Figure 1: Iminosugars
The sugar-based language is very difficult to understand and control but iminosugars offer great potential to specifically correct defects. Most important of their activities seem to be inhibiting or stabilising enzymes breaking down sugars (glycosidases) or interacting with sugar receptors. It is remarkable that there are many iminosugars in our foods and medicinal plants but they are rarely seen or identified because they are hidden by common sugars and amino acids which are usually present in higher quantities and have similar analytical properties. The affinity of these sugar analogues for the glycosidases and receptors can be very potent, coupled with good oral availability, distribution and stability in vivo, it makes their presence in many fruits and vegetables of potentially great significance in the diet of people and other animals. Other types of natural products are more easily seen such as the coloured flavonoids and so tend be focused on despite many of them having low relative activity or showing non-specific binding activity. The iminosugars may be the elusive active compounds of many herbal medicines.

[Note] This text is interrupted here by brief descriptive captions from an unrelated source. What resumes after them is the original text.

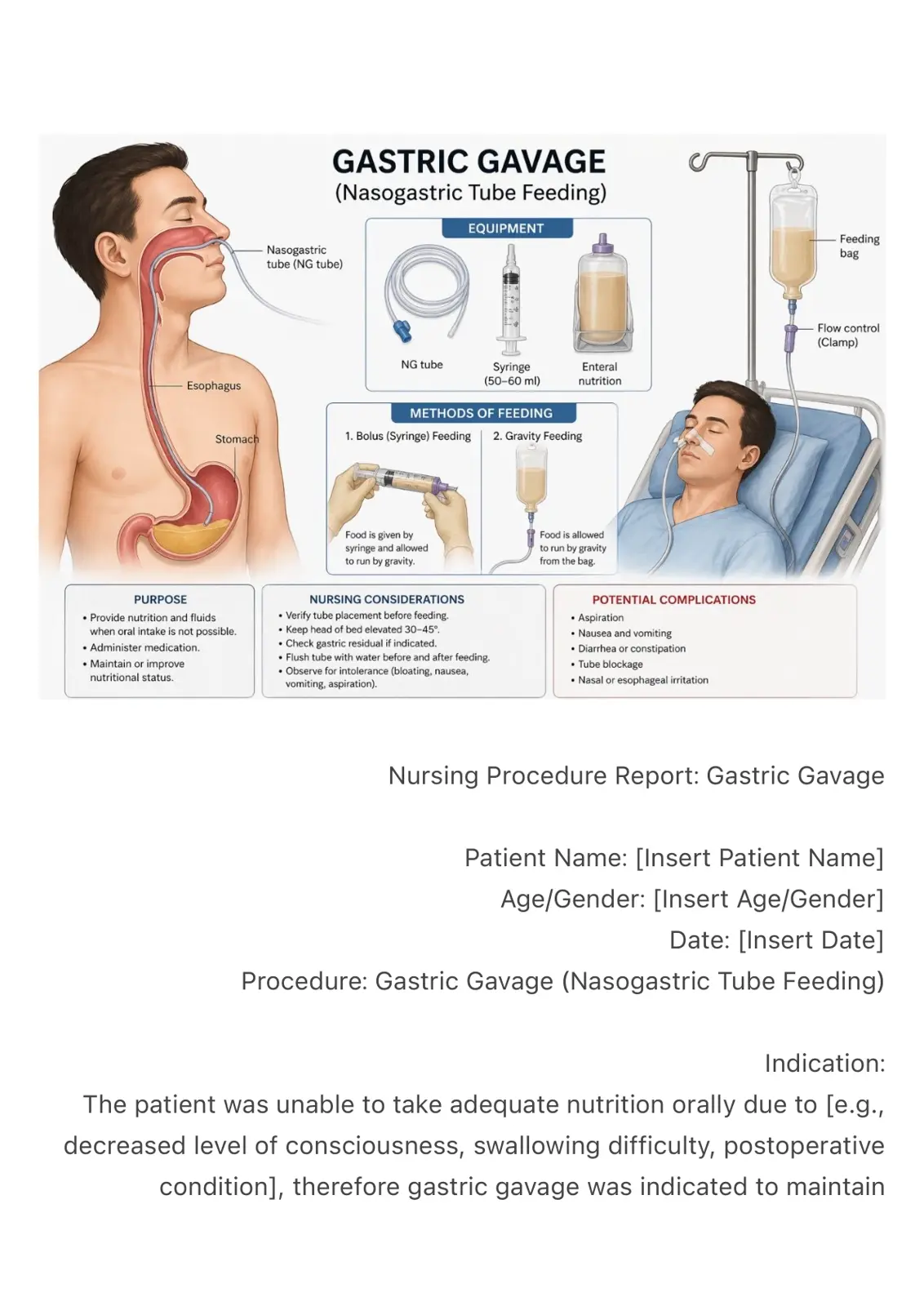 غلاف تقرير Gastric Gavage (Nasogastric Tube Feeding)
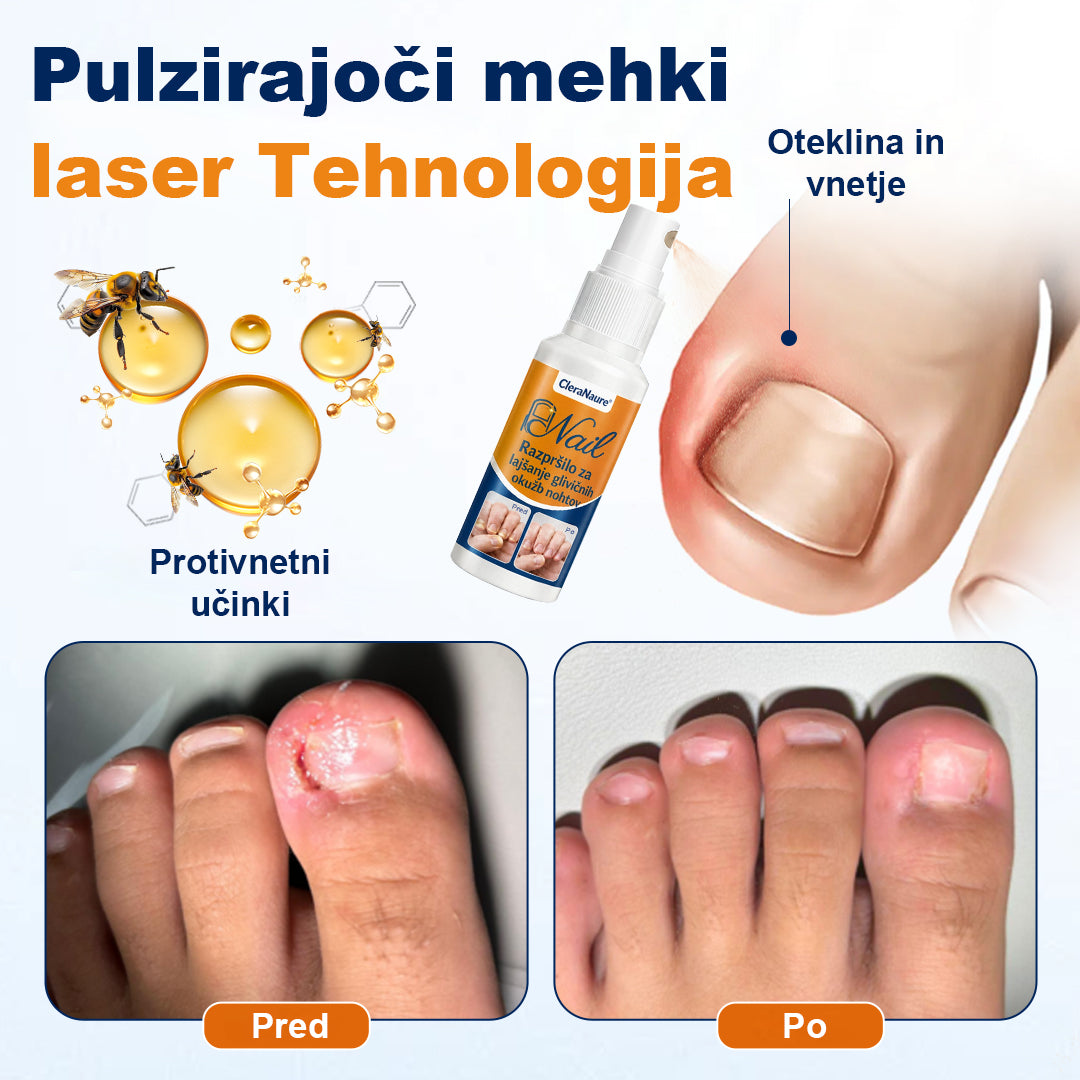 CleraNaure® sprej za lajšanje glivičnih okužb nohtov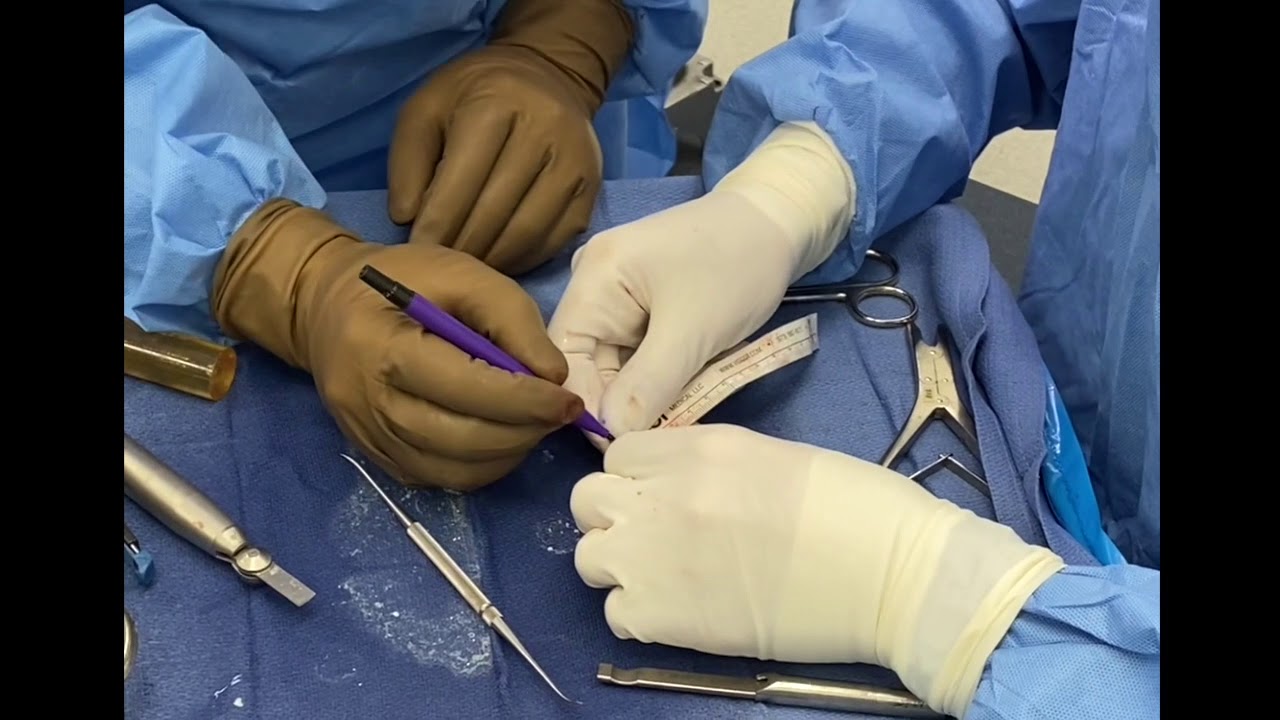 Dr. Garcia demonstrates a cartilage transplant surgery.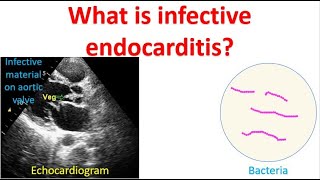 What is infective endocarditis [upl. by Anallise]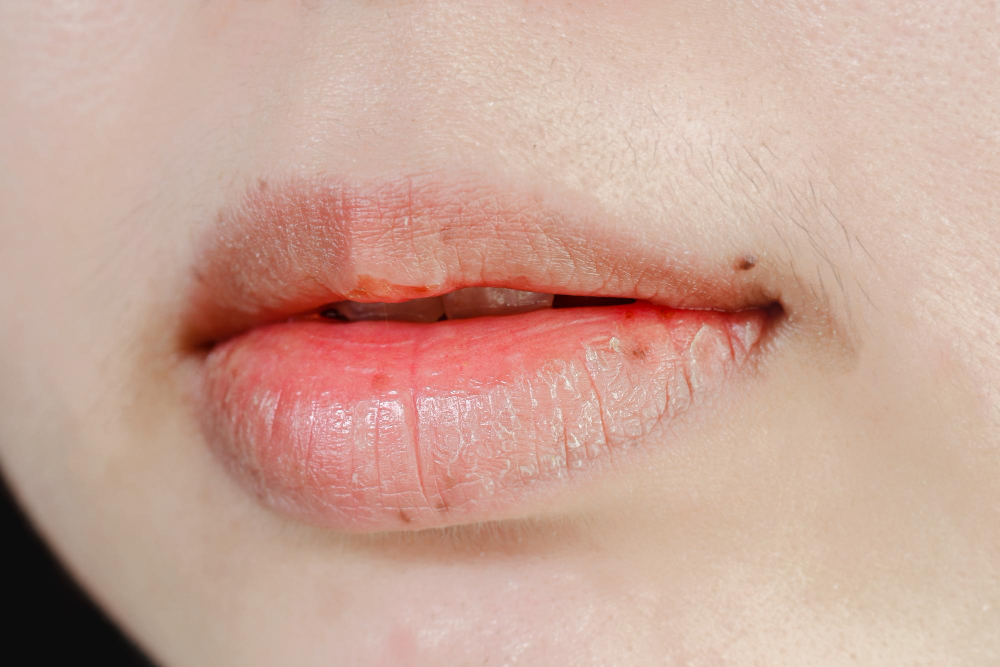 Lábios rachados: 4 dicas que ajudam a resolver o problema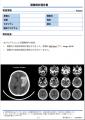 「頭部CT画像解析AIエンジンDoctorNET Heuron CTS」日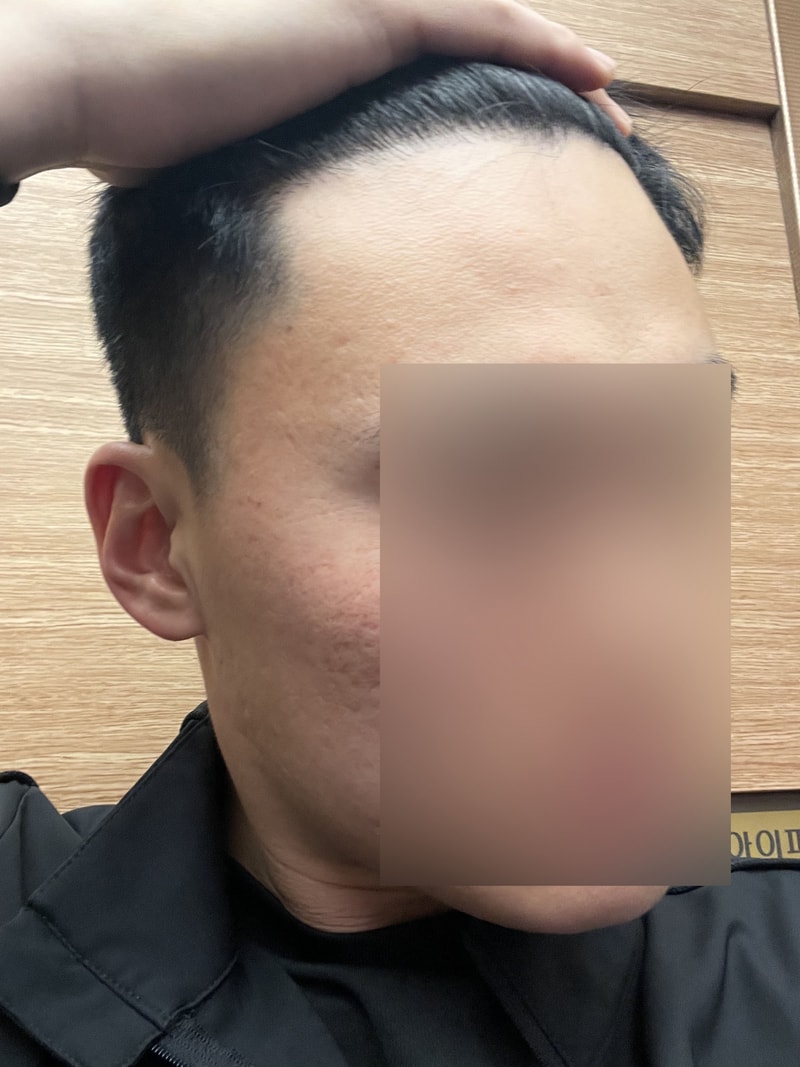 후1.jpg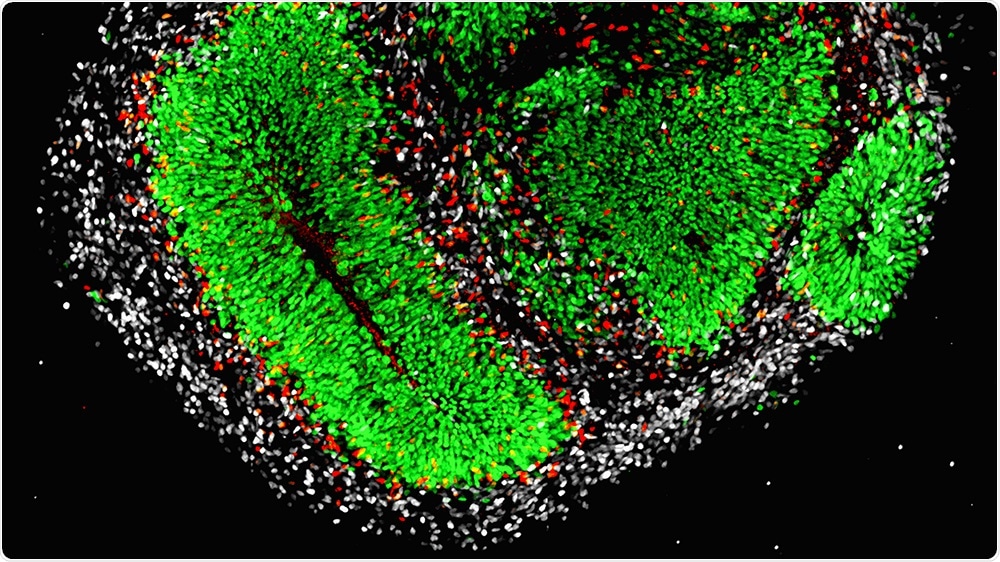 Study shows how lipid metabolism enzyme regulates brain stem cell activity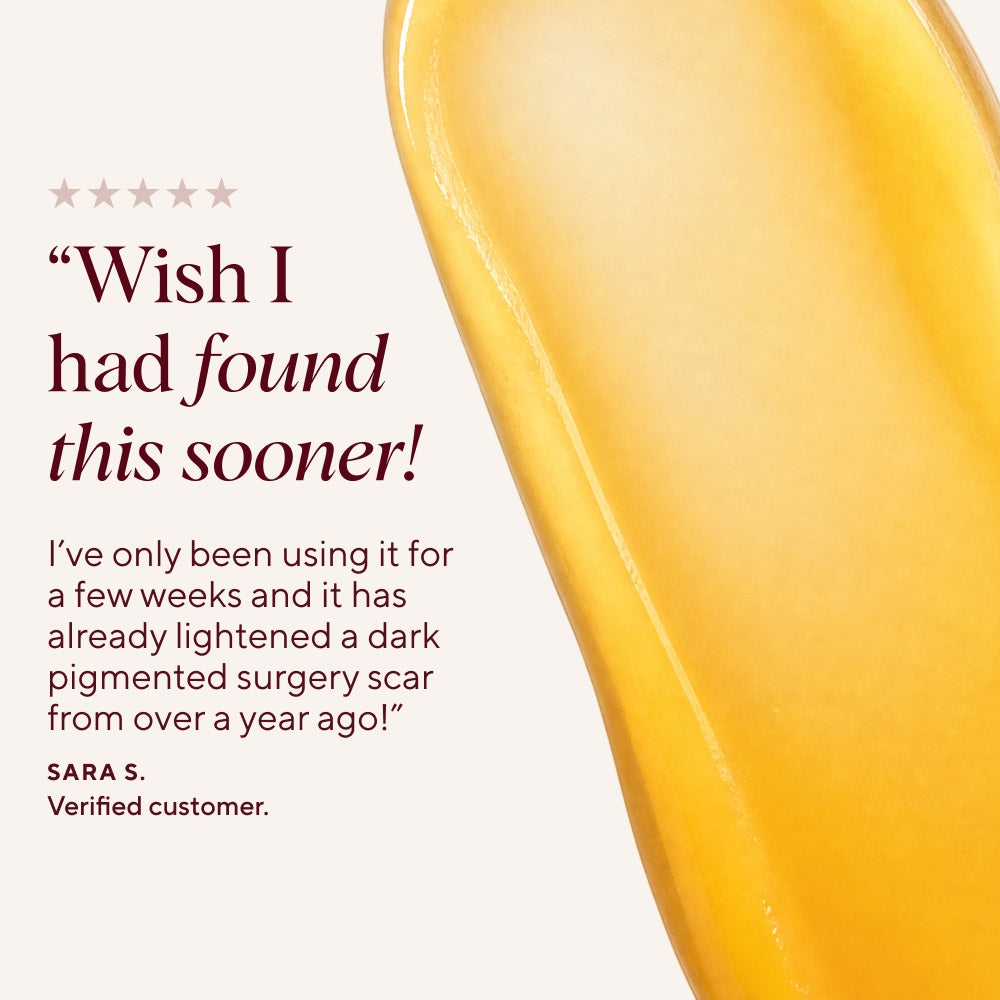 Scar Saviour Bundle - Scar & Stretch Mark Balm | NAYDAYA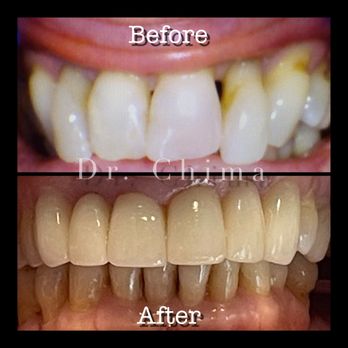 Bixby Hill Dental - Bixby Hill Dental does cosmetic, general, and emergency dentistry. Here, Dr. Chima did a combination of crowns, veneers, and root canals. - General Dentistry Near Me - Long Beach, California Bixby Hill Dental - Bixby Hill Dental does cosmetic, general, and emergency dentistry. Here, Dr. Chima did a combination of crowns, veneers, and root canals. - General Dentistry Near Me - Long Beach, California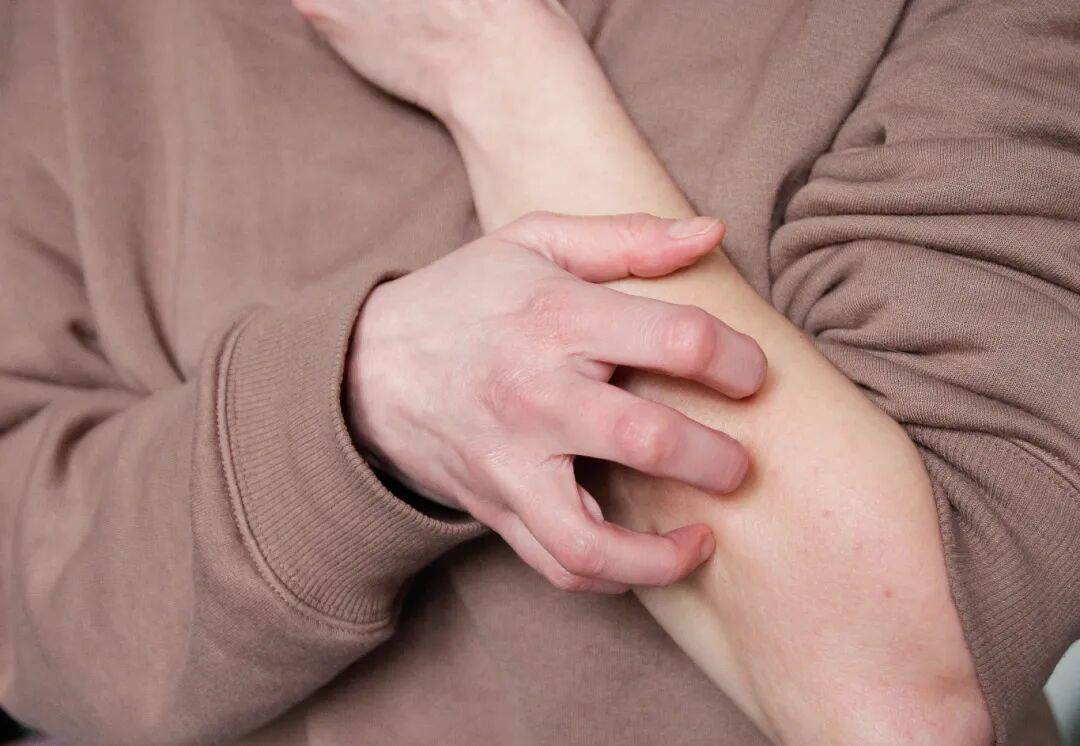 皇冠信用網是什么意思_事发上海街头！女子突然浑身肿胀皇冠信用網是什么意思，陷入昏迷...医生：建议随身携带肾上腺激素笔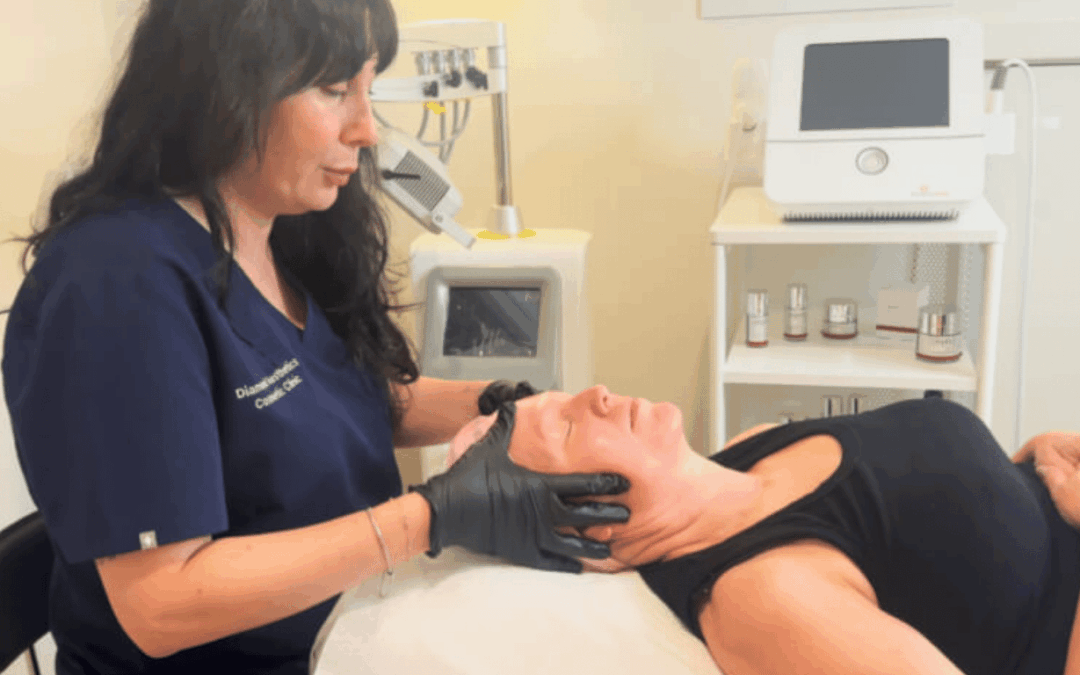 Chemical Peel Treatment in Sydney, Australia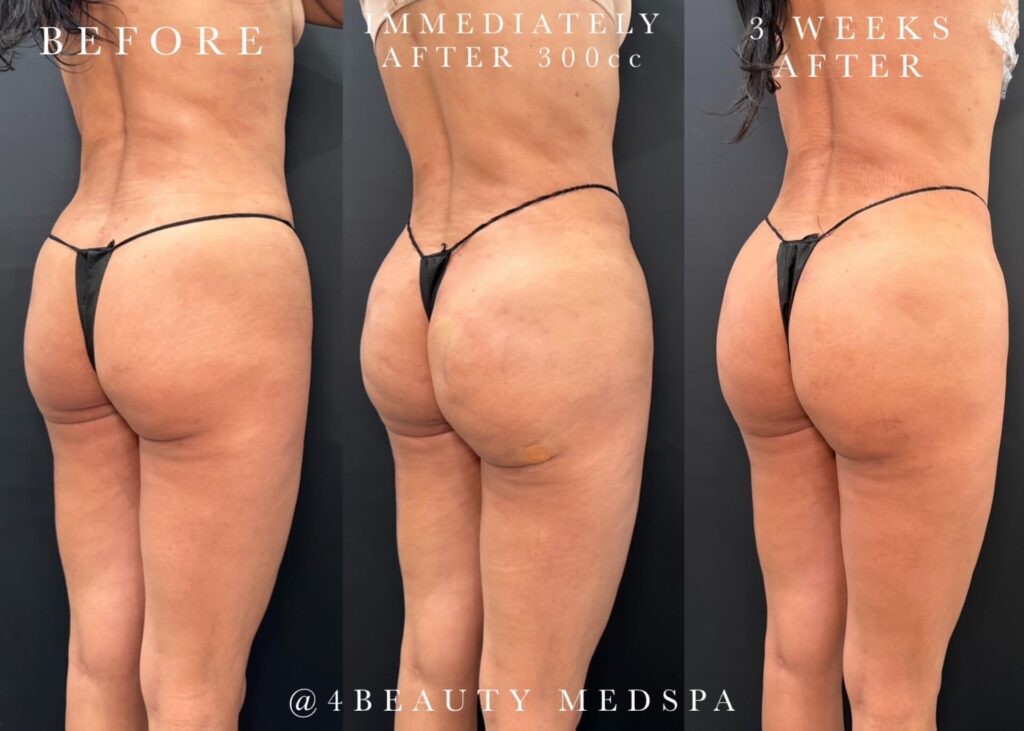 Before and after results 2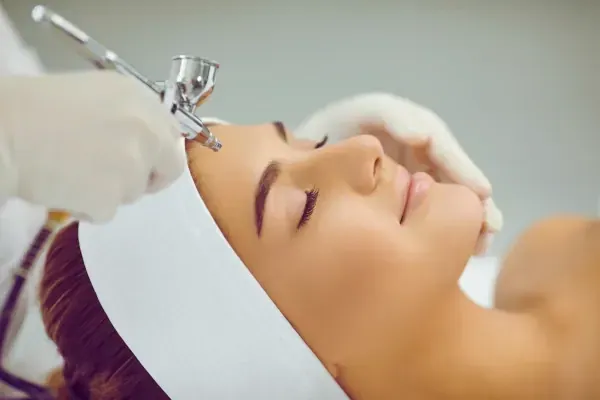 Microdermabrasion
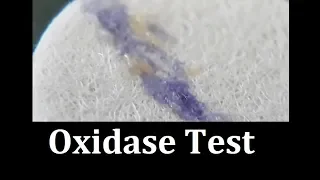 Oxidase test (Protocol)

Perhaps the best examples of major foods containing iminosugars are potatoes and rice. We were the first to find the iminosugars in potatoes in 1993 and they are in all of them 4. The iminosugars in rice were only recently discovered and are not in all types of rice5. The nor-tropane calystegines of potatoes are potent glucosidase and galactosidase inhibitors while the iminosugars of rice (e.g. fagomine) can inhibit a wider range of enzymes. It is notable that selection of food plants for shelf-life or other commercial attributes seems to have altered their sugar analogue content without anyone knowing and, for example, each potato variety has a distinctive iminosugar profile with wide variation in amounts and which ones are present. Since the iminosugars of potatoes inhibit glucosidases the different amounts present means that they will differently slow the release of glucose from the potato in the diet and from other foods eaten at the same time. It is also notable that iminosugars such as those in potato and rice are stable on cooking and our research shows that they go through the body of humans and dogs unchanged and are excreted eventually in urine1.
A group looking into the basis of the anti-diabetic activity of mulberry in TCM identified the first plant iminosugar, DNJ (1-deoxynojirimycin) in 19762. As a potent inhibitor of various glucosidases it has formed the basis of the diabetes drug Glyset™. Quality controlled mulberry leaf products (e.g. Reducose™) are being developed by the UK company Phynova. DNJ is probably the most commonly naturally-occuring and studied iminosugar and it and a derivative Zavesca have been shown to also inhibit infection by viruses such as HIV and SARS-CoV-2 by altering surface glycans6. In May 2019, a team of Chinese researchers found that the compound could also ameliorate symptoms associated with angina pectoris, such as chest pain, in patients with coronary heart disease7.
Maintaining a balance of sugars is crucial to good health and losing good control seems involved in the ageing process. Perhaps due to their main presumed evolutionary purpose to protect sugars such as glucose, the iminosugars of plants and microbes that resemble glucose appear able to help to maintain this balance. While some such as DNJ are potent intestinal glucosidase inhibitors and can cause gastrointestinal problems at high concentrations, there are others that appear able to control blood sugars without being enzyme inhibitors. One such example occurs in the Indian Ayurvedic medicinal plant Gymnema sylvestre. It contains one very major iminosugar (BR1) that controls blood sugar in mouse studies by itself8. This plant has some clinical evidence that over time it can have restorative effects on insulin responses and beta cell health. Probably mistakenly, most Gymnema products concentrate a group of saponins to the total exclusion of the BR1.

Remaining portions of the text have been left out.